Total ordering on complex numbers
If we had an order on the complex numbers, then either $i \prec 0$ or $0 \prec i$.
If $0 \prec i$, then $$0i \prec ii \implies 0 \prec -1$$
Then since $0 \prec -1$, we see that $0 \prec (-1)^2 = 1$. Using (iii) we get
$$0 \prec -1 \implies 1 = 0 + 1 \prec -1 + 1 = 0 \implies 1 \prec 0 \prec 1$$
contradicts (i). The case that $i \prec 0$ is similar. Just use (ii) and add $(-i)$ both sides.
There is a well-known geometric interpretation of complex multiplication as a scaling followed by a rotation on a vector in the plane.
In brief, if $z_1$ is a complex number represented in the polar form $|z_1|e^{i \theta}$, then multiplying $z_2$ by $z_1$ is equivalent to scaling $z_2$ by $|z_1|$ and rotating it counterclockwise by $\theta$.
Here is a proof using this idea. Suppose $0 \prec 1$.
In the picture links 'red' means '$\succ$' and 'blue' means '$\prec$'.
Multiplying the values on sides by the complex unit vectors $e^{i \theta}$ is equivalent to rotating them by $\theta$. When we do so for $\theta \in [0, 2 \pi]$ 1 becomes the unit circle, while 0 remains the same. Because our ordering is preserved by complex multiplication, everything on the unit circle $\succ$ 0.
On the other hand, adding a real number $x$ to both sides is equivalent to translating the values along the x-axis.
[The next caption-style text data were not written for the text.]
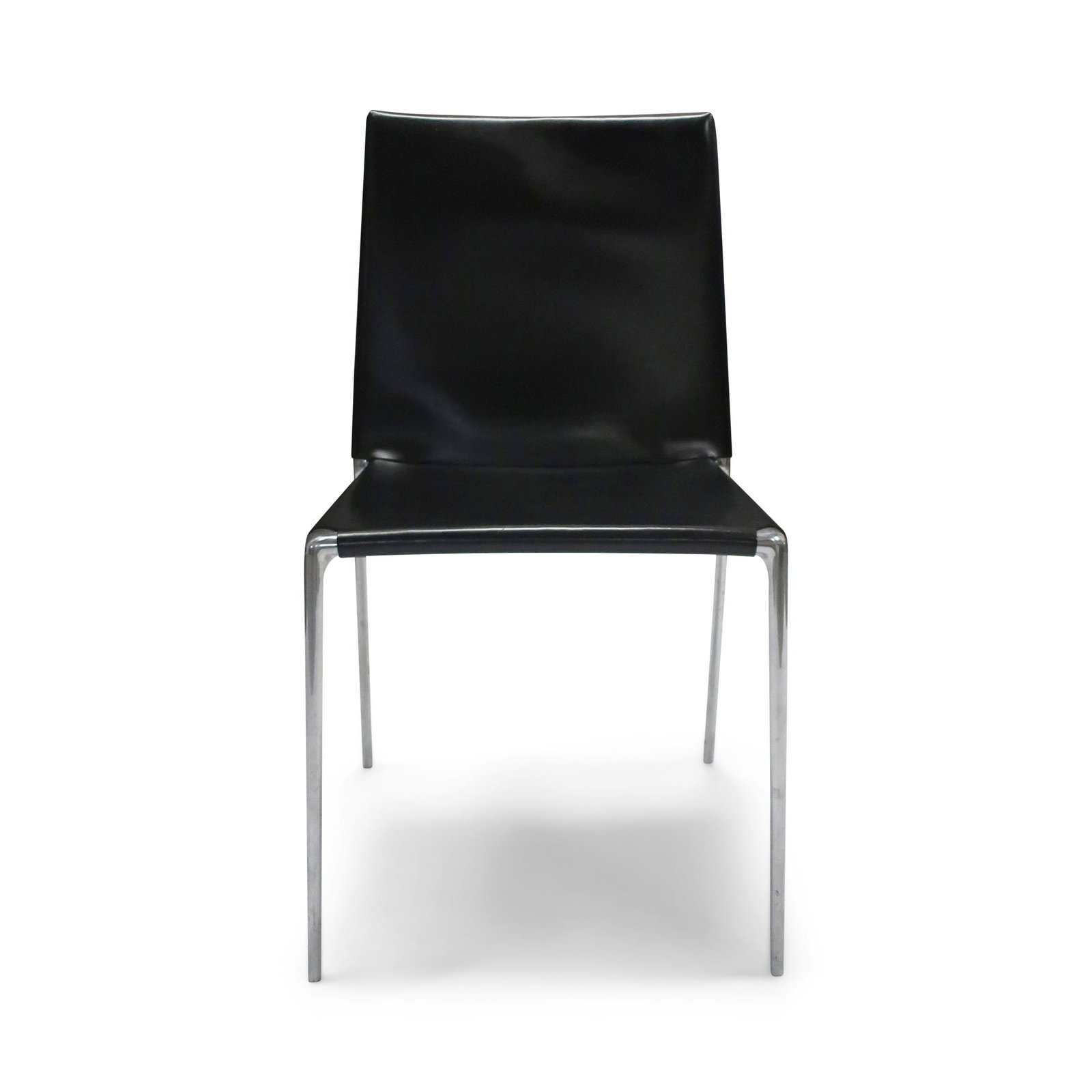 Black Leather Alma Chair by Roberto Barbieri for B&B Italia - 6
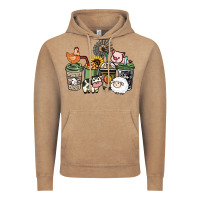 Vintage Coffee Farm animal coffee cups Vintage Hoodie - HowdyJamesFarm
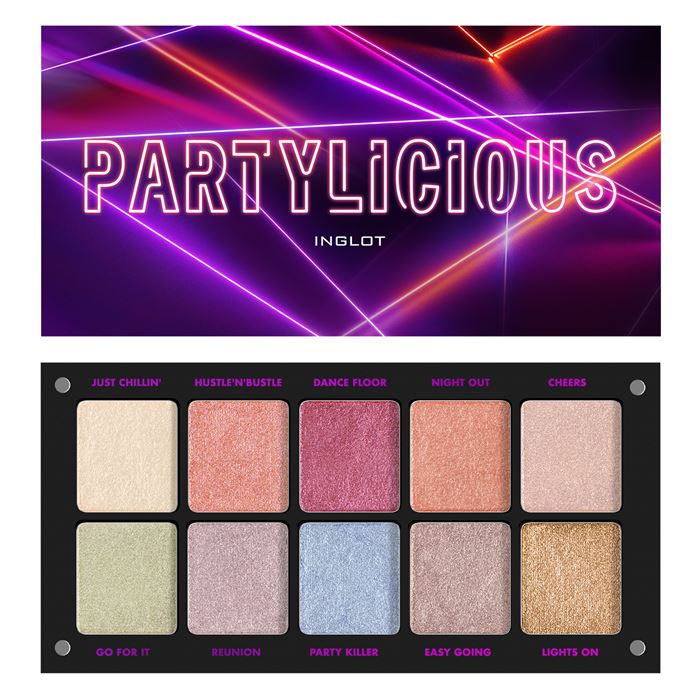 อายแชโดว์พาเลท Inglot Freedom System Palette Partylicious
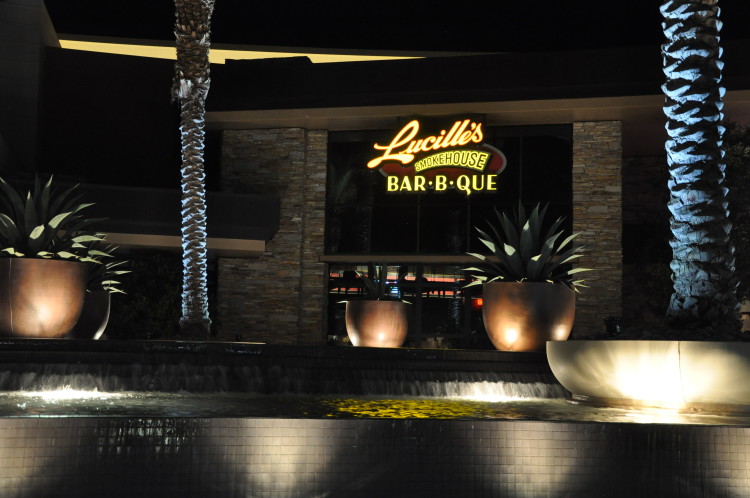 Lucille's Smokehouse sign at Red Rock Casino in Las Vegas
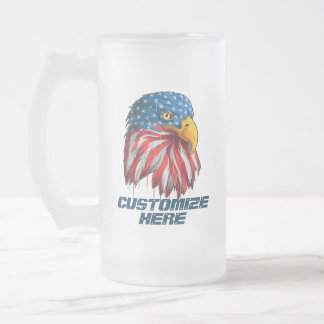 Chope Givrée Personnaliser Drapeau USA Patriotique Américain Ai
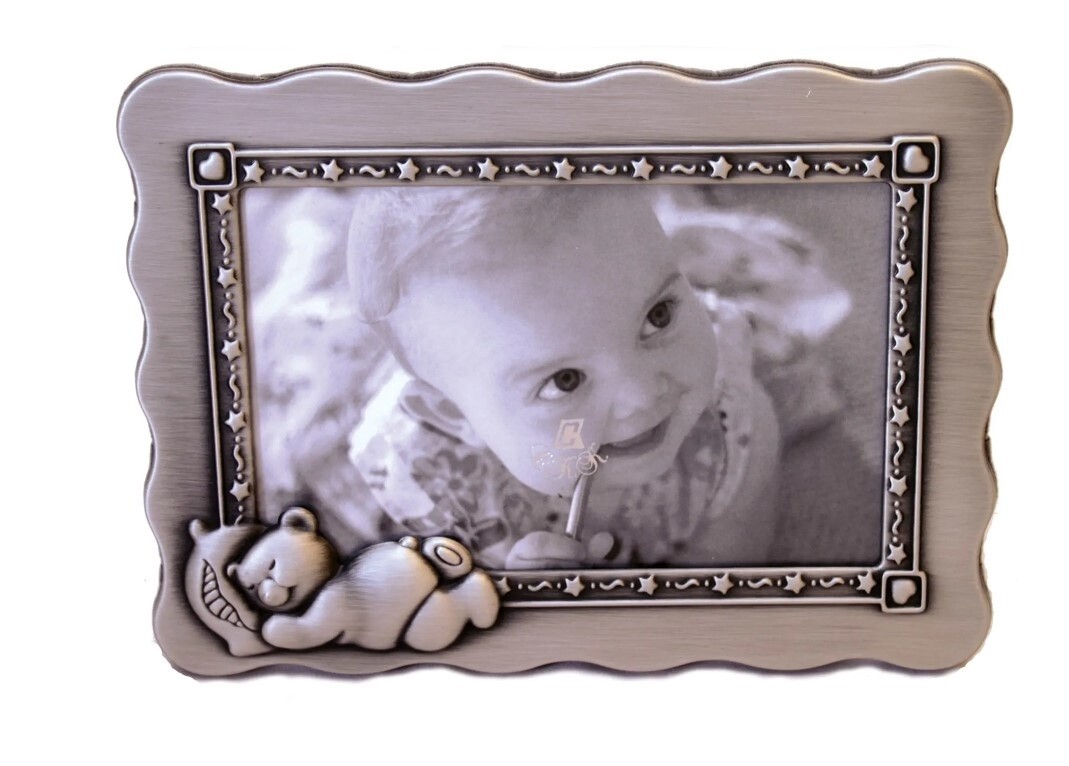 Sleeping Bear Pewter Frame - 4 x6&quot;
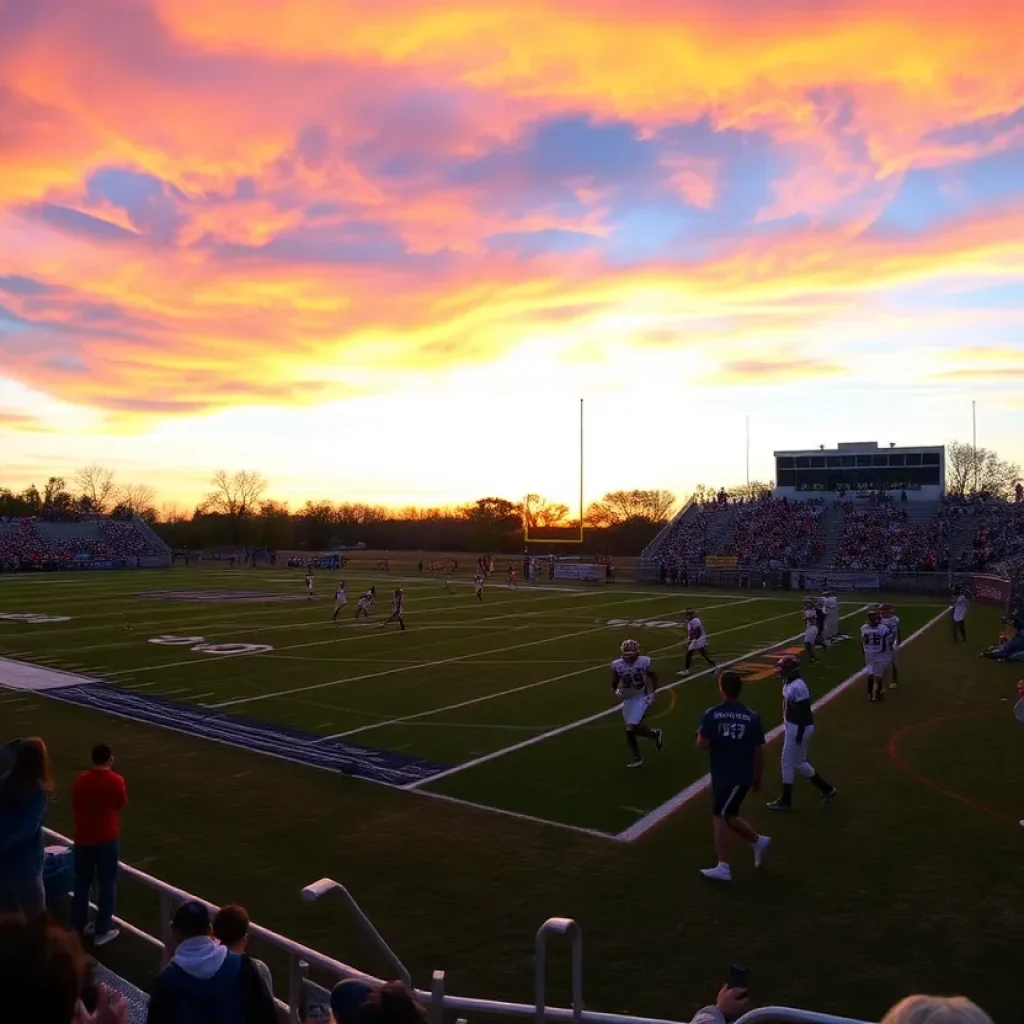 Exciting high school football match in Orange County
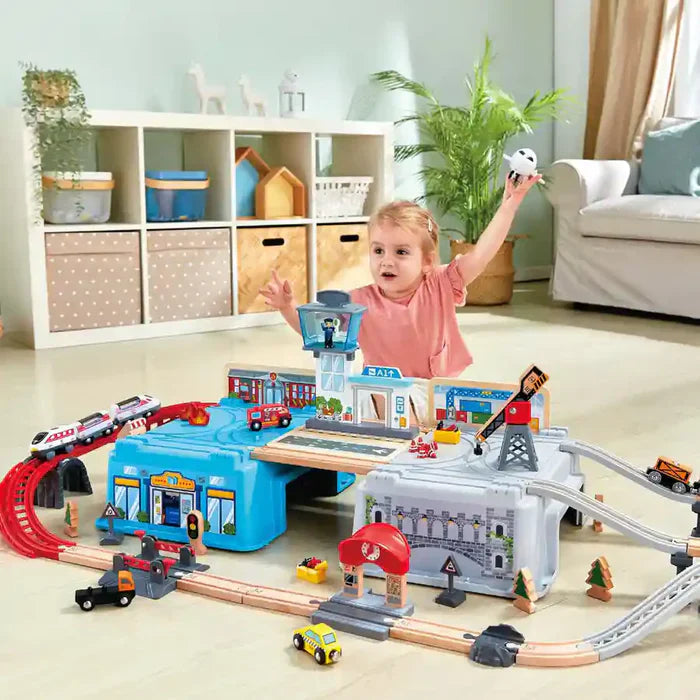 Hape - Super Cityscape Transport Bucket Set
When we translate 0 and 1 by all of the real numbers $x$, we find that everything to the 'right' of zero $\succ$ 0, and everything to the 'left' of zero $\prec$ 0.
By inspecting the pictures, we see that complex multiplication forces $-1 \succ 0$, while complex addition forces $-1 \prec 0$. A contradiction!
With a little work this can be made rigorous. The idea also informs a variety of alternative proofs for this theorem. For example, the accepted answer uses rotation by unit vectors and translation along the imaginary axis to provide the contradiction.
$i\ne 0$ since $i$ has an inverse but $0$ does not. Now just note that all squares are positive, and thus that the argument you gave stays true word for word if you start by assuming that $i\prec 0$. The point is really, that in $\mathcal C$ the number $-1$ is a square. In any ordered field, $1\ge 0$ and all squares are positive. It does not matter which of the two square roots of $-1$ you use, you'll get the same contradiction.